■ Action item: Give back the lines below verbatim, omitting all pictures.

**** Input data ****

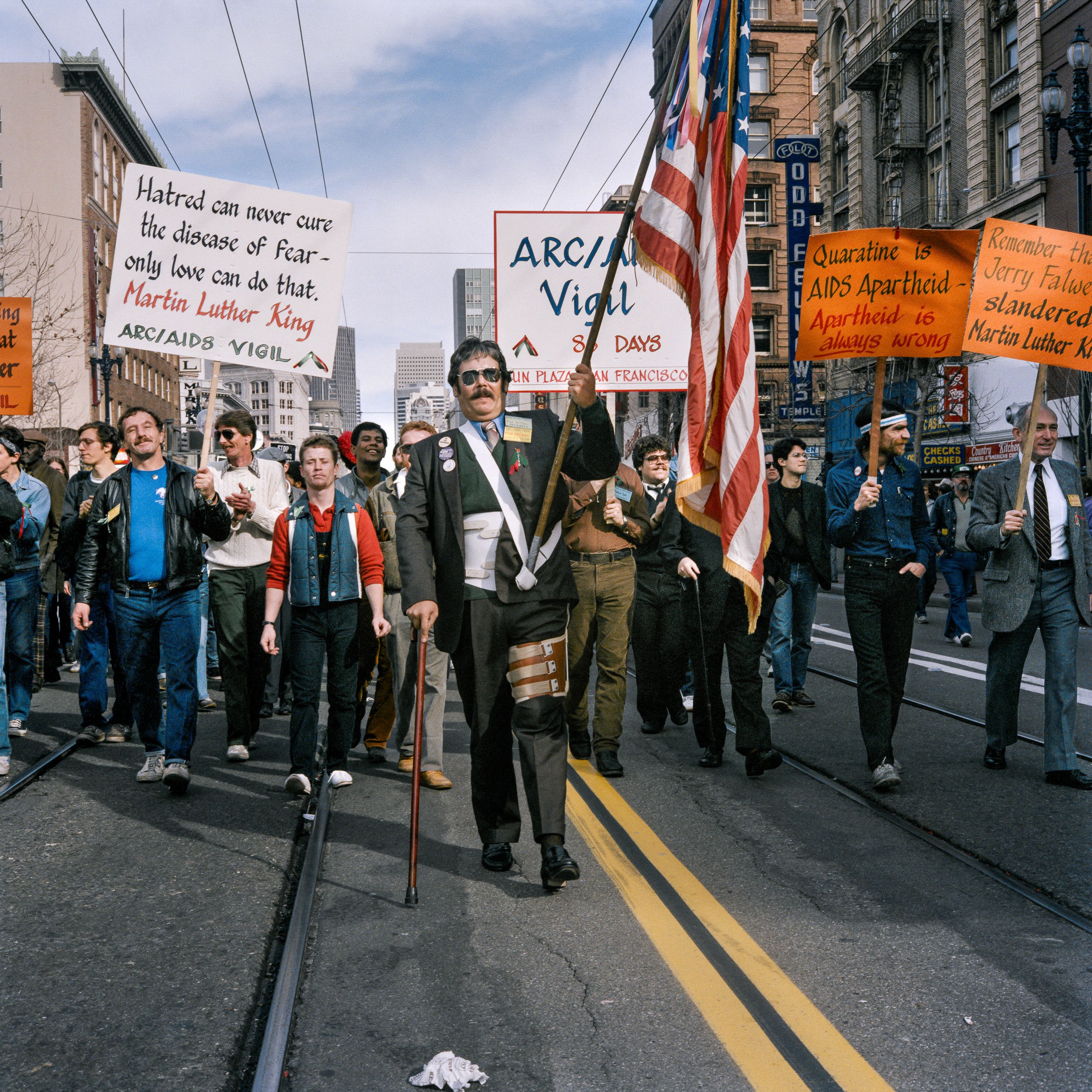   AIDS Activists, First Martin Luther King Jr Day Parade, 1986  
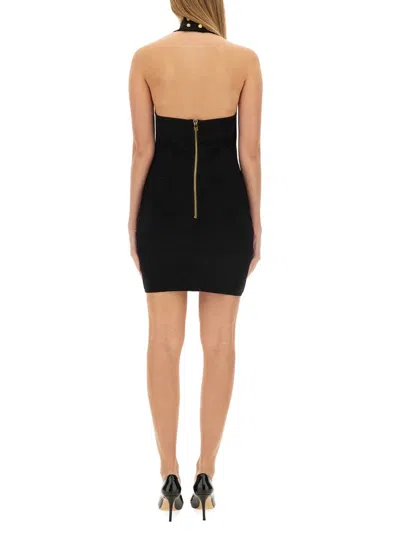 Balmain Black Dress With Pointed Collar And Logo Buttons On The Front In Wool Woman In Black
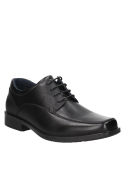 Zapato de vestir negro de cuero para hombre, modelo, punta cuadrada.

****

■ Result of this task:
   AIDS Activists, First Martin Luther King Jr Day Parade, 1986  
 Balmain Black Dress With Pointed Collar And Logo Buttons On The Front In Wool Woman In Black
 Zapato de vestir negro de cuero para hombre, modelo, punta cuadrada.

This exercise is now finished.